Where a line below has the string "Mesh" in it, include it in the count, and give that count alone.

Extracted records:
........

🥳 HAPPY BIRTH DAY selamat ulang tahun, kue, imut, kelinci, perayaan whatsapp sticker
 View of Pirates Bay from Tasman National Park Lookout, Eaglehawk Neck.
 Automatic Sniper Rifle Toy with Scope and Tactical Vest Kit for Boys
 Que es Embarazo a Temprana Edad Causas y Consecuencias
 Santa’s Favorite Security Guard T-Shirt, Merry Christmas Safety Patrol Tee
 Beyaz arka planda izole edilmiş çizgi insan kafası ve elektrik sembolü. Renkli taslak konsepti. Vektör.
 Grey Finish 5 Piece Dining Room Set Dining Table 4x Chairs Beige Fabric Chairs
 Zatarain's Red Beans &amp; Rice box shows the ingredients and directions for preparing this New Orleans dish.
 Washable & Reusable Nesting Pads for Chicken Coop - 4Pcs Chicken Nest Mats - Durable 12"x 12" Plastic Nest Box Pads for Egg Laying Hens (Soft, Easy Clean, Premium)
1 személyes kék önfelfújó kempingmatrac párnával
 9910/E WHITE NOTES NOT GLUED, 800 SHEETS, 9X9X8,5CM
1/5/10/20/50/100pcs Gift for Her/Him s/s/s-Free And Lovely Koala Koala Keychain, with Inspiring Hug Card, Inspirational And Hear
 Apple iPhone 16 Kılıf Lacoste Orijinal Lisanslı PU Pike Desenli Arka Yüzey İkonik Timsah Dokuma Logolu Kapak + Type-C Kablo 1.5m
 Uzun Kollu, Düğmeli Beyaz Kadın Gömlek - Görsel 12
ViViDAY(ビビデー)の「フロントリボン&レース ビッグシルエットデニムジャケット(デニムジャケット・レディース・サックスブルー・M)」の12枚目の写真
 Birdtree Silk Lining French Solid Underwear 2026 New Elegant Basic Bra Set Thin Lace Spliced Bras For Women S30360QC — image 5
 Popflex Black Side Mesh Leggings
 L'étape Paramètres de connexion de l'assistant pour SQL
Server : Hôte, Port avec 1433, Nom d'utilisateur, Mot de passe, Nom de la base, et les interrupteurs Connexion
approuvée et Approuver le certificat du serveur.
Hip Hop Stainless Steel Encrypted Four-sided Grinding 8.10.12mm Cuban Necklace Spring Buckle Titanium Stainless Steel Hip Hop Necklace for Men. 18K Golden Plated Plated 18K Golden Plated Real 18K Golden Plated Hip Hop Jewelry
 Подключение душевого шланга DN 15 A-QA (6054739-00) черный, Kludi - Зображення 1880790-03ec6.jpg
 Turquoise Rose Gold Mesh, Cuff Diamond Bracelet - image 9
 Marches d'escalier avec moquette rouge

........

▶ [Task result]
2